LAist: What about when -- so you get the script and you like the script. What's your process or do you have a specific process for getting to the character? Do you get to the character through the script? Do you get to the character through yourself? Do you get it through your director? Is there a typical way you do it? Is it different every time? How do you approach it between getting the script and then first showing up on set?

Adam: I guess it depends on how different the character is from myself. I mean, if I read it and immediately get it then I try not to mess with it too much. And just go with my gut and do what I feel is right for it. You know, most of the time I have a lot of questions, because I don't want to overdo it -- put too much frommage on it -- so I try to ask the right amount of questions. If the writer's there or the director -- I try to look to them for help. I try to find a way in that won't look too labor intensive to the audience, because I don't think the audience likes to watch someone trying. I think they just want to see some behavior.

LAist: What about Party Down? That is definitely coming back on Starz, right?

Adam: Yeah, we just wrapped Season 2. That starts airing in April.

LAist: Is there you can talk about with respect to what's going to happen this year? It ended last year with a bit of a cliffhanger regarding your relationship with the character played by Lizzy Kaplan.

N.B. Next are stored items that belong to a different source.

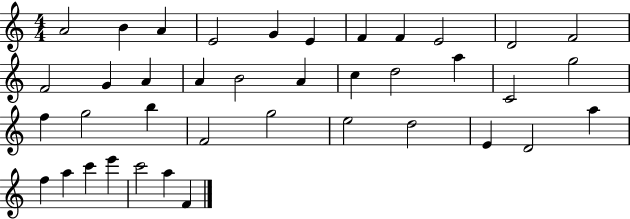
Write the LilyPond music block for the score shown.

{
  \clef treble
  \numericTimeSignature
  \time 4/4
  \key c \major
  a'2 b'4 a'4 | e'2 g'4 e'4 | f'4 f'4 e'2 | d'2 f'2 | \break f'2 g'4 a'4 | a'4 b'2 a'4 | c''4 d''2 a''4 | c'2 g''2 | \break f''4 g''2 b''4 | f'2 g''2 | e''2 d''2 | e'4 d'2 a''4 | \break f''4 a''4 c'''4 e'''4 | c'''2 a''4 f'4 | \bar "|."
}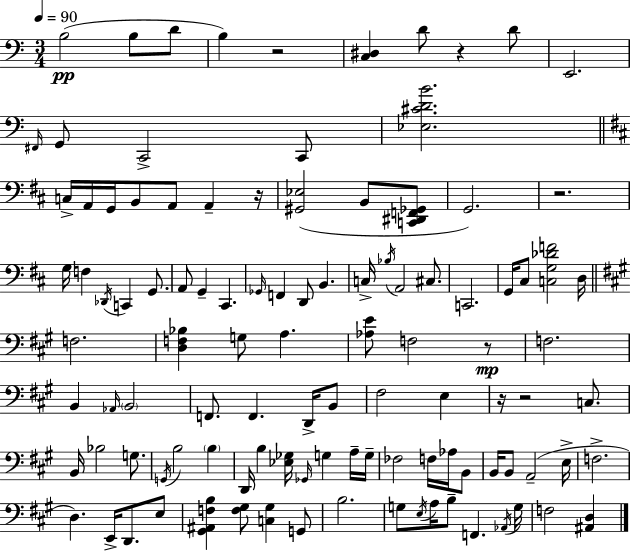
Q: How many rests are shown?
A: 7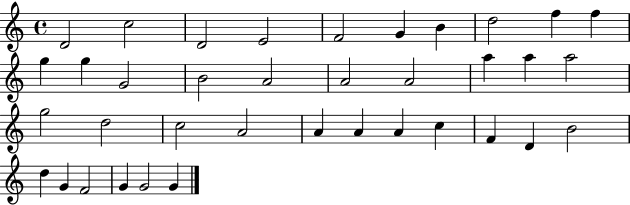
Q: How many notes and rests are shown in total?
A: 37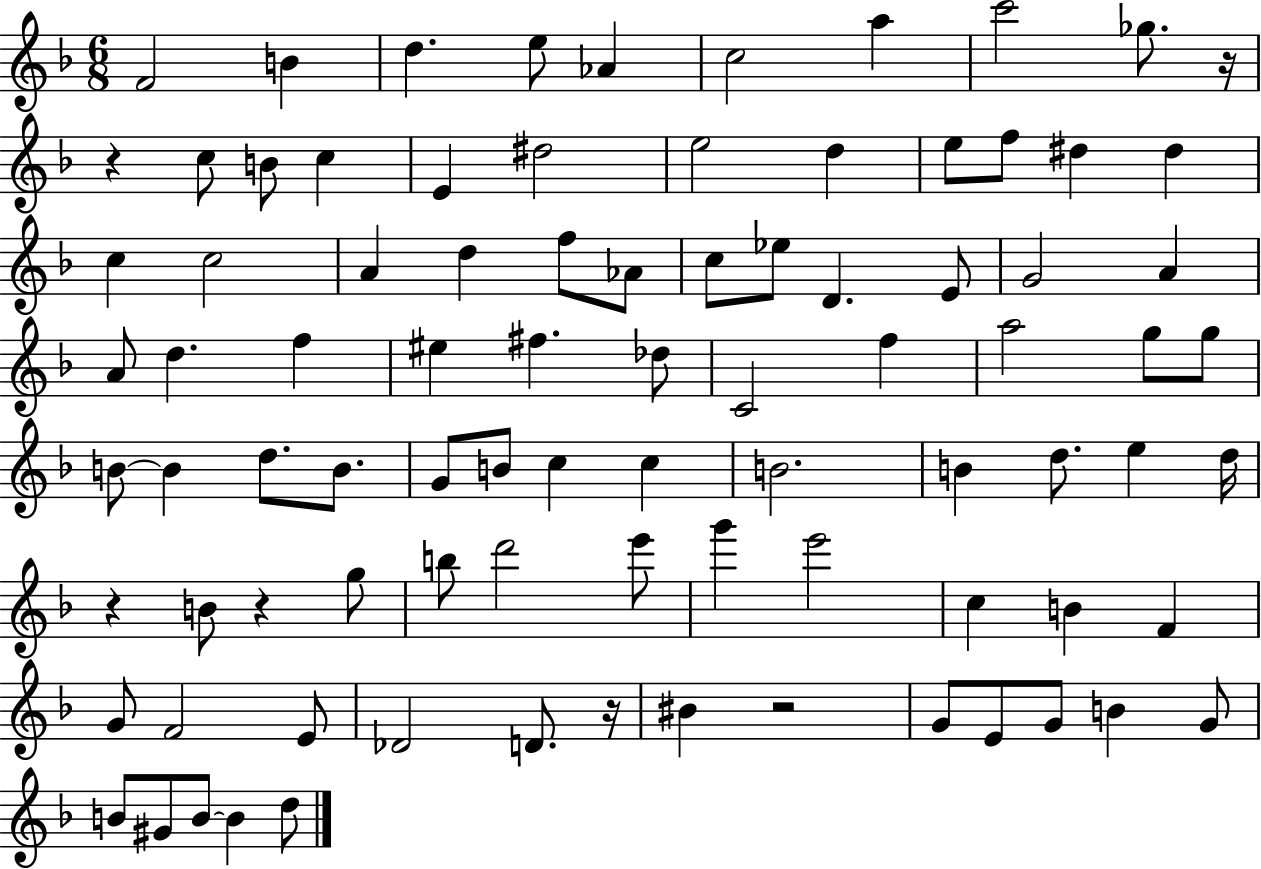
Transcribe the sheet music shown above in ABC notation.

X:1
T:Untitled
M:6/8
L:1/4
K:F
F2 B d e/2 _A c2 a c'2 _g/2 z/4 z c/2 B/2 c E ^d2 e2 d e/2 f/2 ^d ^d c c2 A d f/2 _A/2 c/2 _e/2 D E/2 G2 A A/2 d f ^e ^f _d/2 C2 f a2 g/2 g/2 B/2 B d/2 B/2 G/2 B/2 c c B2 B d/2 e d/4 z B/2 z g/2 b/2 d'2 e'/2 g' e'2 c B F G/2 F2 E/2 _D2 D/2 z/4 ^B z2 G/2 E/2 G/2 B G/2 B/2 ^G/2 B/2 B d/2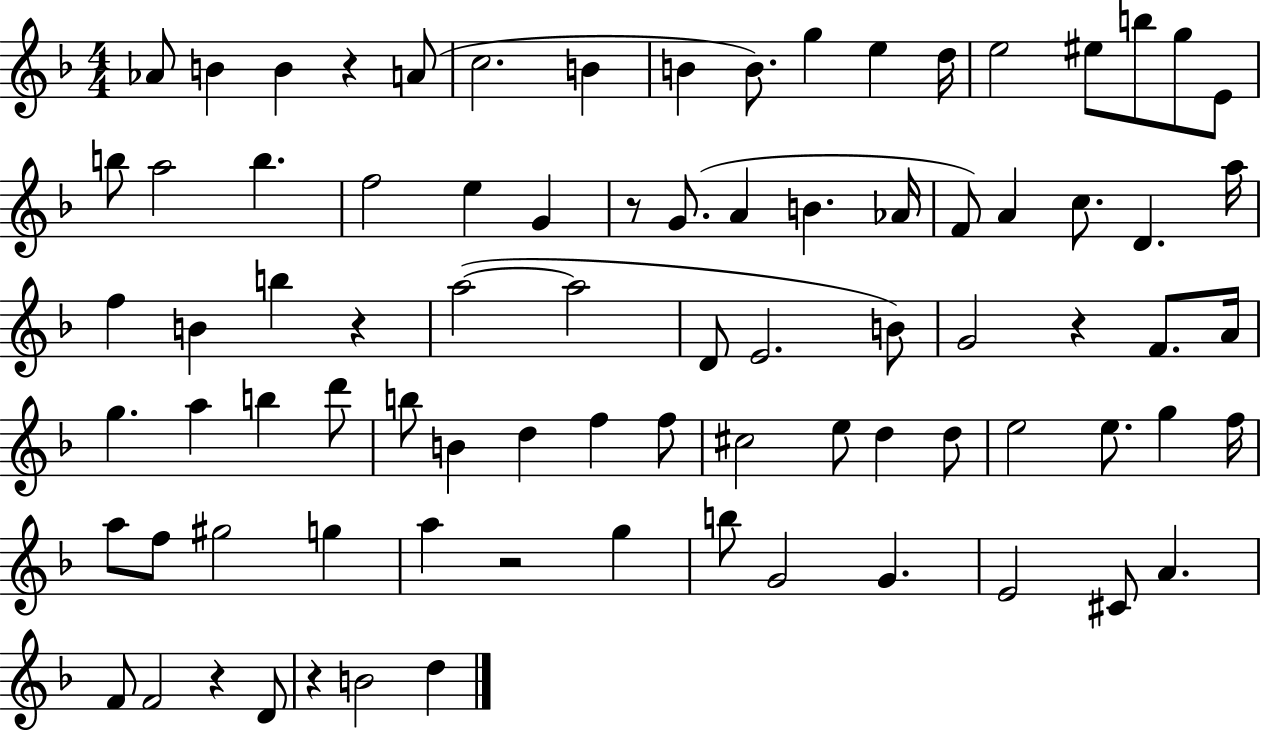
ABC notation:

X:1
T:Untitled
M:4/4
L:1/4
K:F
_A/2 B B z A/2 c2 B B B/2 g e d/4 e2 ^e/2 b/2 g/2 E/2 b/2 a2 b f2 e G z/2 G/2 A B _A/4 F/2 A c/2 D a/4 f B b z a2 a2 D/2 E2 B/2 G2 z F/2 A/4 g a b d'/2 b/2 B d f f/2 ^c2 e/2 d d/2 e2 e/2 g f/4 a/2 f/2 ^g2 g a z2 g b/2 G2 G E2 ^C/2 A F/2 F2 z D/2 z B2 d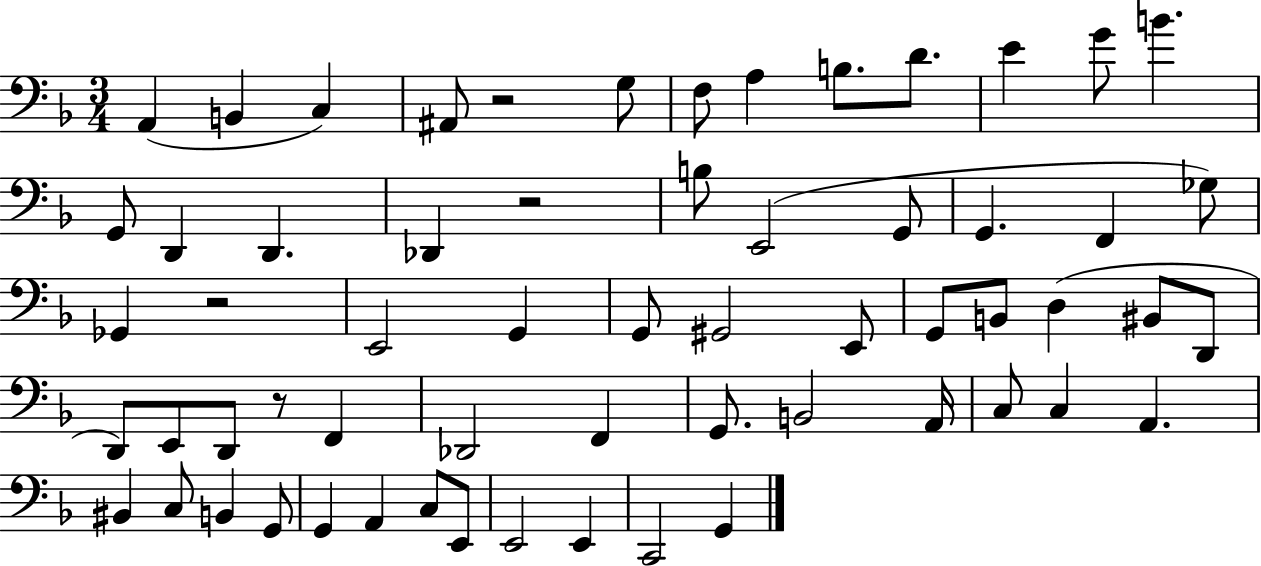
A2/q B2/q C3/q A#2/e R/h G3/e F3/e A3/q B3/e. D4/e. E4/q G4/e B4/q. G2/e D2/q D2/q. Db2/q R/h B3/e E2/h G2/e G2/q. F2/q Gb3/e Gb2/q R/h E2/h G2/q G2/e G#2/h E2/e G2/e B2/e D3/q BIS2/e D2/e D2/e E2/e D2/e R/e F2/q Db2/h F2/q G2/e. B2/h A2/s C3/e C3/q A2/q. BIS2/q C3/e B2/q G2/e G2/q A2/q C3/e E2/e E2/h E2/q C2/h G2/q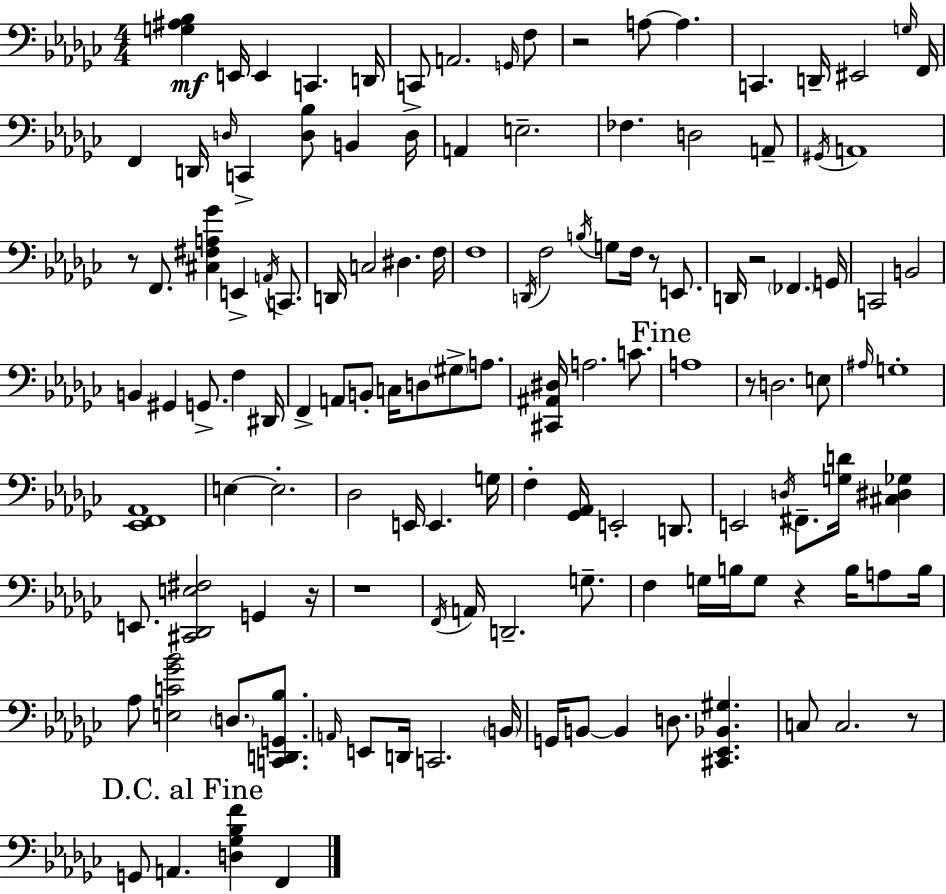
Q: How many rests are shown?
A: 9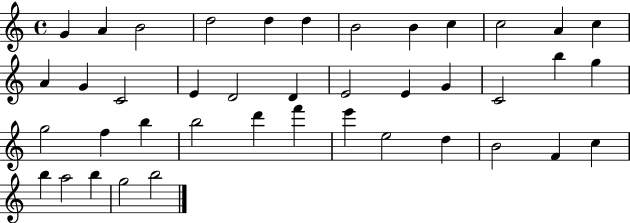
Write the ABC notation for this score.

X:1
T:Untitled
M:4/4
L:1/4
K:C
G A B2 d2 d d B2 B c c2 A c A G C2 E D2 D E2 E G C2 b g g2 f b b2 d' f' e' e2 d B2 F c b a2 b g2 b2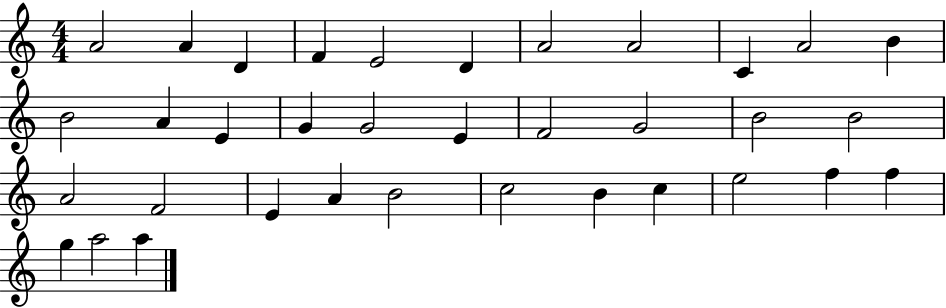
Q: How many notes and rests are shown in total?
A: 35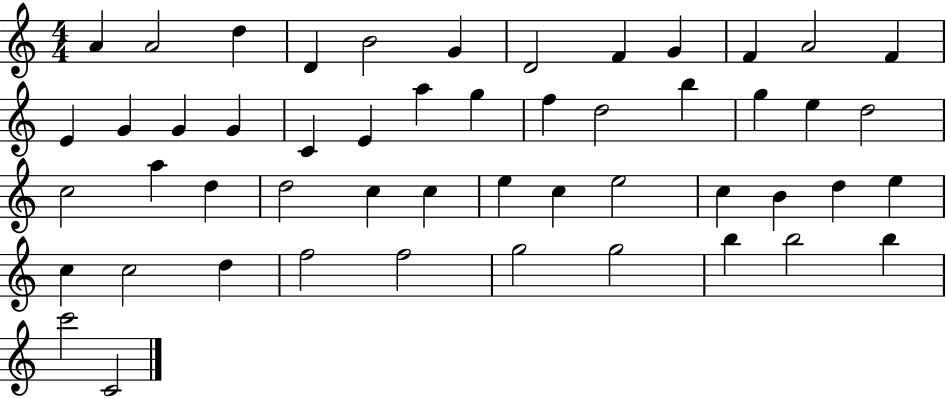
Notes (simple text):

A4/q A4/h D5/q D4/q B4/h G4/q D4/h F4/q G4/q F4/q A4/h F4/q E4/q G4/q G4/q G4/q C4/q E4/q A5/q G5/q F5/q D5/h B5/q G5/q E5/q D5/h C5/h A5/q D5/q D5/h C5/q C5/q E5/q C5/q E5/h C5/q B4/q D5/q E5/q C5/q C5/h D5/q F5/h F5/h G5/h G5/h B5/q B5/h B5/q C6/h C4/h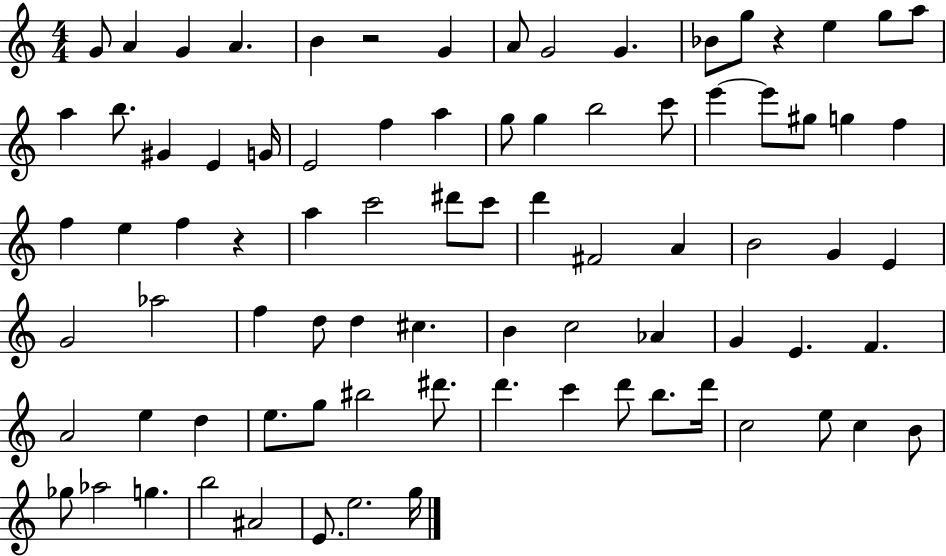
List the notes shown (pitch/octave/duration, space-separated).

G4/e A4/q G4/q A4/q. B4/q R/h G4/q A4/e G4/h G4/q. Bb4/e G5/e R/q E5/q G5/e A5/e A5/q B5/e. G#4/q E4/q G4/s E4/h F5/q A5/q G5/e G5/q B5/h C6/e E6/q E6/e G#5/e G5/q F5/q F5/q E5/q F5/q R/q A5/q C6/h D#6/e C6/e D6/q F#4/h A4/q B4/h G4/q E4/q G4/h Ab5/h F5/q D5/e D5/q C#5/q. B4/q C5/h Ab4/q G4/q E4/q. F4/q. A4/h E5/q D5/q E5/e. G5/e BIS5/h D#6/e. D6/q. C6/q D6/e B5/e. D6/s C5/h E5/e C5/q B4/e Gb5/e Ab5/h G5/q. B5/h A#4/h E4/e. E5/h. G5/s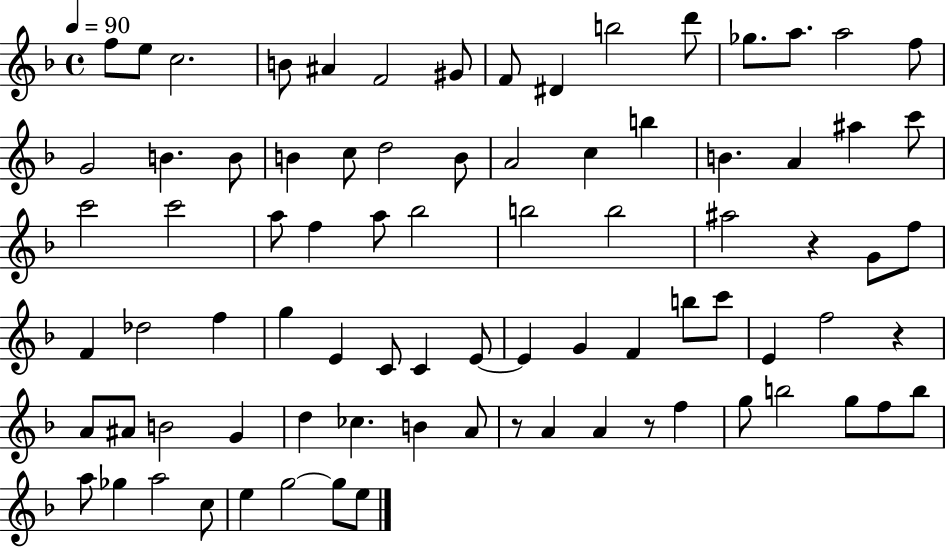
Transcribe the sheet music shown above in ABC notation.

X:1
T:Untitled
M:4/4
L:1/4
K:F
f/2 e/2 c2 B/2 ^A F2 ^G/2 F/2 ^D b2 d'/2 _g/2 a/2 a2 f/2 G2 B B/2 B c/2 d2 B/2 A2 c b B A ^a c'/2 c'2 c'2 a/2 f a/2 _b2 b2 b2 ^a2 z G/2 f/2 F _d2 f g E C/2 C E/2 E G F b/2 c'/2 E f2 z A/2 ^A/2 B2 G d _c B A/2 z/2 A A z/2 f g/2 b2 g/2 f/2 b/2 a/2 _g a2 c/2 e g2 g/2 e/2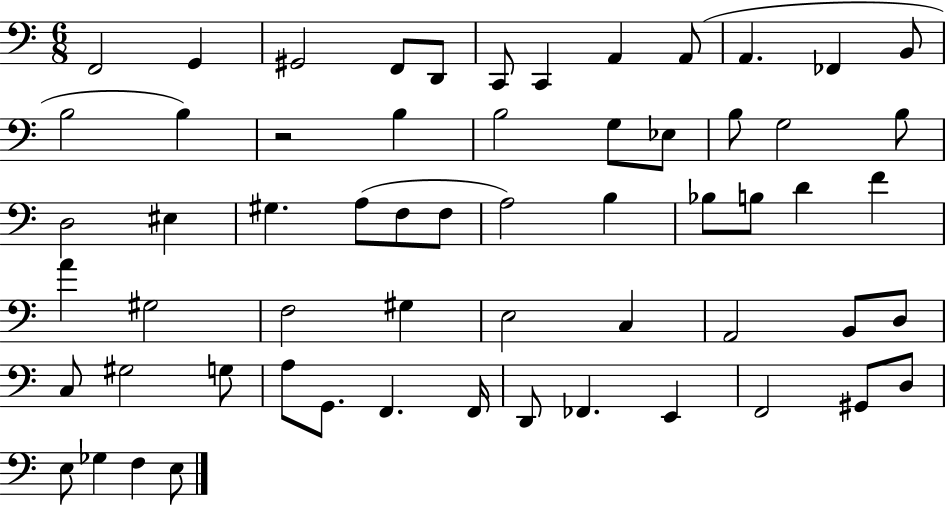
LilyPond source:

{
  \clef bass
  \numericTimeSignature
  \time 6/8
  \key c \major
  f,2 g,4 | gis,2 f,8 d,8 | c,8 c,4 a,4 a,8( | a,4. fes,4 b,8 | \break b2 b4) | r2 b4 | b2 g8 ees8 | b8 g2 b8 | \break d2 eis4 | gis4. a8( f8 f8 | a2) b4 | bes8 b8 d'4 f'4 | \break a'4 gis2 | f2 gis4 | e2 c4 | a,2 b,8 d8 | \break c8 gis2 g8 | a8 g,8. f,4. f,16 | d,8 fes,4. e,4 | f,2 gis,8 d8 | \break e8 ges4 f4 e8 | \bar "|."
}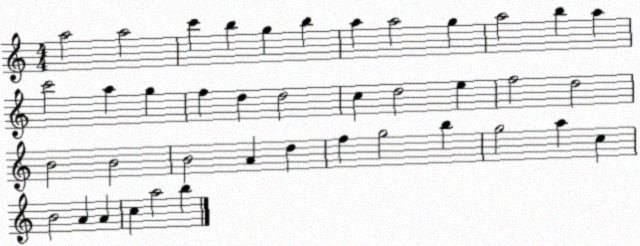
X:1
T:Untitled
M:4/4
L:1/4
K:C
a2 a2 c' b g b a a2 g a2 b a c'2 a g f d d2 c d2 e f2 d2 B2 B2 B2 A d f g2 b g2 a c B2 A A c a2 b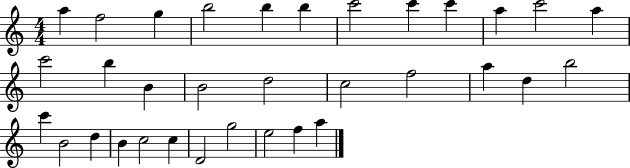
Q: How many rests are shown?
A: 0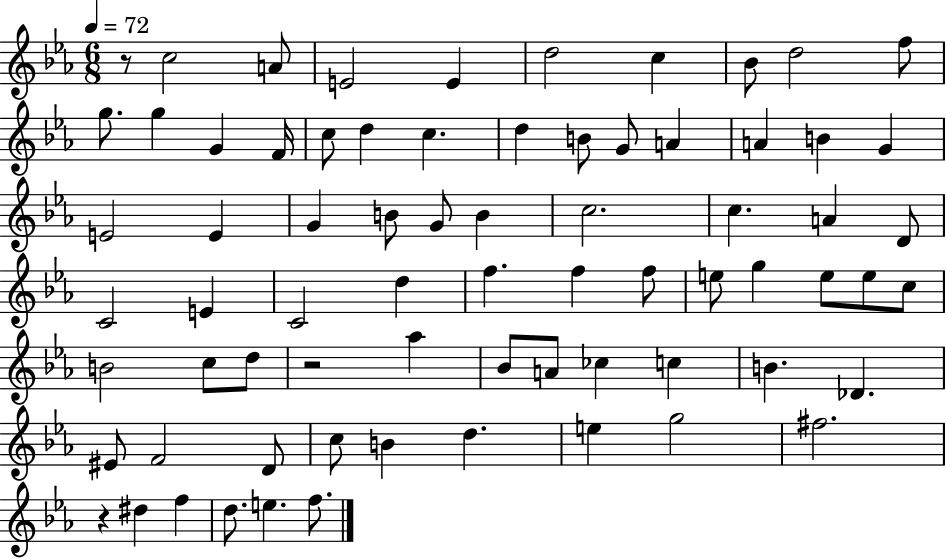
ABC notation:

X:1
T:Untitled
M:6/8
L:1/4
K:Eb
z/2 c2 A/2 E2 E d2 c _B/2 d2 f/2 g/2 g G F/4 c/2 d c d B/2 G/2 A A B G E2 E G B/2 G/2 B c2 c A D/2 C2 E C2 d f f f/2 e/2 g e/2 e/2 c/2 B2 c/2 d/2 z2 _a _B/2 A/2 _c c B _D ^E/2 F2 D/2 c/2 B d e g2 ^f2 z ^d f d/2 e f/2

Adam: As the season starts, Henry is the team leader at Party Down Catering. LIzzy is still on her cruise ship doing stand-up comedy. Ron is running his Super Crackers franchise. So it's just me, Martin Starr and Ryan Hansen on the catering team along with Megan Mulaly who's now a series regular. And Lizzy does return from her cruise ship fairly quickly. And then the whole thing starts going again. It's a really good season. We have a lot of good guest stars, a lot of hilarious stuff. Other than hanging out with my family, Party Down is my favorite thing to do. I just love all those people and we all have so much fun. It's really just my favorite job ever. I just hope we can continue to do it forever.